_REQUIRED WORK_. Without including any images, output the listing below exactly.

DATA EXTRACT Block Start

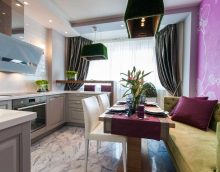 the idea of a beautiful style of kitchen 9 sq.m photo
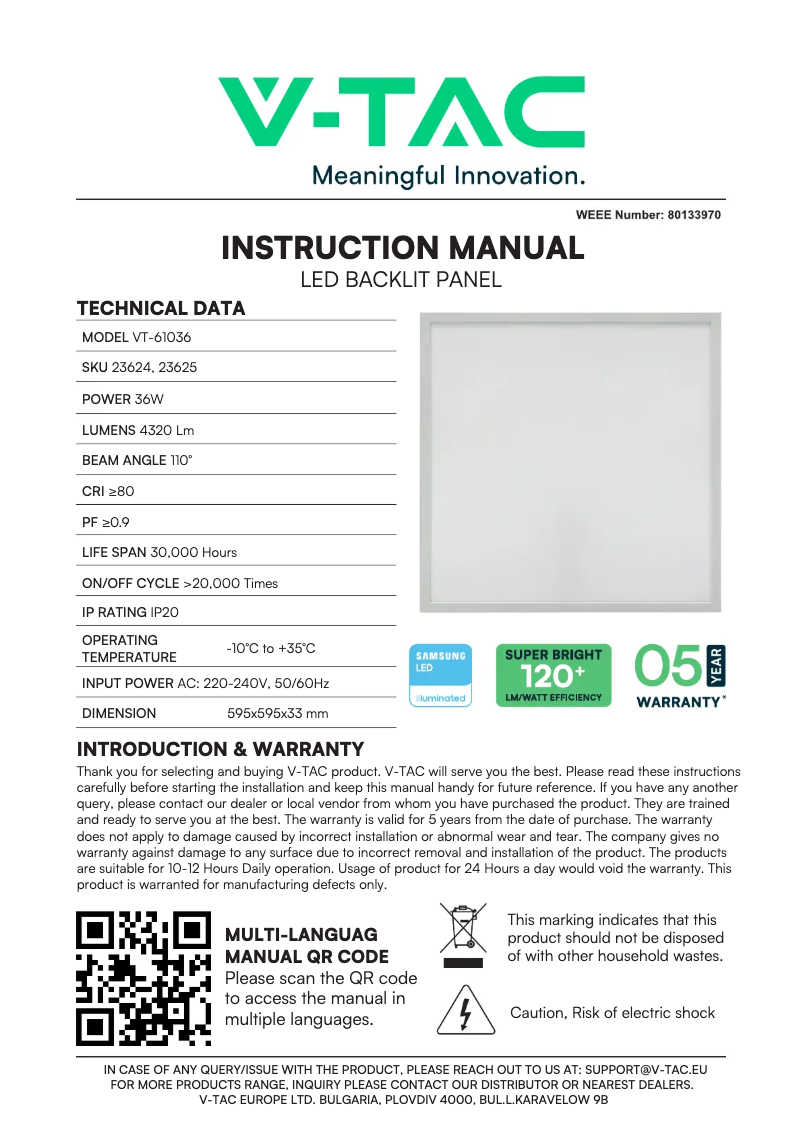 Page n°1 - Manuel utilisateur V-TAC VT-61036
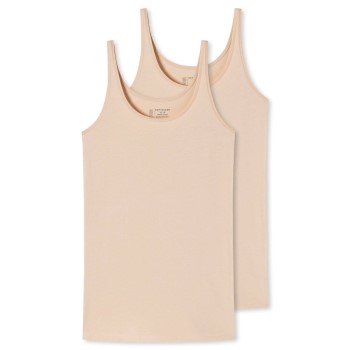 Schiesser 2P 95-5 Organic Tank Top Beige bomuld 40 Dame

DATA EXTRACT Block End

_RESULT OF THIS EXERCISE_.
 the idea of a beautiful style of kitchen 9 sq.m photo
 Page n°1 - Manuel utilisateur V-TAC VT-61036
 Schiesser 2P 95-5 Organic Tank Top Beige bomuld 40 Dame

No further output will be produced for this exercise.